In fact, the BlackBerry 10 camera app remains sparse in its settings: there’s the option of normal, digitally stabilized, burst, or HDR modes, whether the flash comes on or not, specific scenes for action, whiteboards, night, or “beach or snow” photography, and to flip between the front and rear cameras. However, beyond changing between 1:1, 4:3, and 16:9 aspect ratios, there’s no way to change the photo resolution.
The end result is unsurprisingly less detailed than the Q10, though solid as long as you give the Q5 sufficient light. Indoors, and in overcast conditions, the colors begin to get insipid and washed out; HDR mode can salvage things, but also has a tendency to over-brighten areas of the frame.
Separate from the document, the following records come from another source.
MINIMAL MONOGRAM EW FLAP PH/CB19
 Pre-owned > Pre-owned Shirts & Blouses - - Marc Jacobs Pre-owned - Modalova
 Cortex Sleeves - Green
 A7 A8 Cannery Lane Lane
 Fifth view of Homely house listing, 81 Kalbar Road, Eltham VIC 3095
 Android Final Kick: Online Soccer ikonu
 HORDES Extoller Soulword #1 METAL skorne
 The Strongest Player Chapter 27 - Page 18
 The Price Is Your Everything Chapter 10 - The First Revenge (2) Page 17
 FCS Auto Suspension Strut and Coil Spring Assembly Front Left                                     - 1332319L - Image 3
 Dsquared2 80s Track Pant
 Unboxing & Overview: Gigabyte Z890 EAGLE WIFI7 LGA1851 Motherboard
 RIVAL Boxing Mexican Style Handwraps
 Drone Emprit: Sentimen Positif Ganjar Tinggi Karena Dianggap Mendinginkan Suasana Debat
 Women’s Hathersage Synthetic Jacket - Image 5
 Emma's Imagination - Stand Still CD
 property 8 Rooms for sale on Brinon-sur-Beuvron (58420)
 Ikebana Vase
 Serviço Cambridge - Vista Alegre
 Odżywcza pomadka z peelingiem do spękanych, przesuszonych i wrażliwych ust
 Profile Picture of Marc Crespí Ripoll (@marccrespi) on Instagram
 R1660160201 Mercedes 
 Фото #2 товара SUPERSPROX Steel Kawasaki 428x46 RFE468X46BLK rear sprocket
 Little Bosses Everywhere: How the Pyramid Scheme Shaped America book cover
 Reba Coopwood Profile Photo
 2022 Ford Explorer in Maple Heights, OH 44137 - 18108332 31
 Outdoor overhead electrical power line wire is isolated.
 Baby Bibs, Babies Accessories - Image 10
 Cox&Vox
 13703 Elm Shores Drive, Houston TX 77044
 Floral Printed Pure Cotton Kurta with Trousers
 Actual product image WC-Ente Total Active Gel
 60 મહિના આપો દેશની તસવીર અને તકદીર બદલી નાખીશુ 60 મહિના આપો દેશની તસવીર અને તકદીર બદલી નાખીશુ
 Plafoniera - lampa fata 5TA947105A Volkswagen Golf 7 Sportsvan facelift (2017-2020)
There’s no mistaking the fuzziness and lacking detail, however, aspects we didn’t observe on the Q10.
As for video, there’s the option to use the LED flash as a camera light (though not toggle it on and off mid-filming), and the choice between 720p and 1080p recording. The same tap-and-hold focus system is present, though we found the Q5 sometimes struggled to keep a lock on faster-moving subjects.
BlackBerry Q5 1080p video sample:
Business users rejoice: it’s another loud BlackBerry that clings tenaciously to a signal. The Q5′s speaker isn’t the most poised we’ve heard – it’s more raucous than refined with music playback, for instance – but it cranks up loud enough for impromptu speakerphone duty and, since it’s on the bottom edge rather than the rear of the phone, is audible whether the handset is placed face up or down.
As for the 2,180 mAh battery, BlackBerry quotes up to 12.5hrs of 3G talk time or up to two weeks of 3G standby from a full charge. In practice, on a 3G network, we got through a full work day on a single charge, based on average mixed use – emails, messaging, some camera and GPS use, and some media playback. Video and media streaming took their toll, however, and despite the relatively small screen to power, the Q5 was demanding a recharge by early evening when we asked it to entertain us for longer periods.
There’s an over-aching sense, about the Q5, that it’s not for us; the common smartphone user at large. Instead, it’s more like BlackBerry’s play for the mainstream enterprise: the market that has sustained the Canadian company for so long. BlackBerry 10 is making slow inroads there – the company claims a large chunk of the Fortune 500 is at least trialling the OS, with a few firms signing up to a few thousand Z10 and Q10 sales – but what’s needed is a relatively affordable model, something big businesses can roll out to the legions of middle-management.
On that level, the Q5 does make some sense. BlackBerry’s attitude to pricing is likely to be mighty flexible – worn down by a challenger’s position in the segment – if you’re looking to outfit a couple of thousand people with the touch-and-type handset. For everyone else, though it’s a less compelling proposition.
What gives us most pause about the Q5 is its price. It may have half the name of the Q10, but it doesn’t have half the RRP: in fact, SIM-free in the UK where sales have already begun, the Q5 is £320 ($477) including tax, versus £480 ($715) for the Q10. Sign up to a contract, and you’ll spend just £8 ($12) per month more for the Q10 than the Q5. We’d argue not only that the Q10 is still too expensive for what you get – though we’d prefer it over the Q5 – but that the Q5 isn’t as cheap as it really needs to be. If you’re determined to get a BlackBerry and must have a keyboard, then the Q10 should be your choice; everybody else will likely find more rewarding devices running Android or iOS.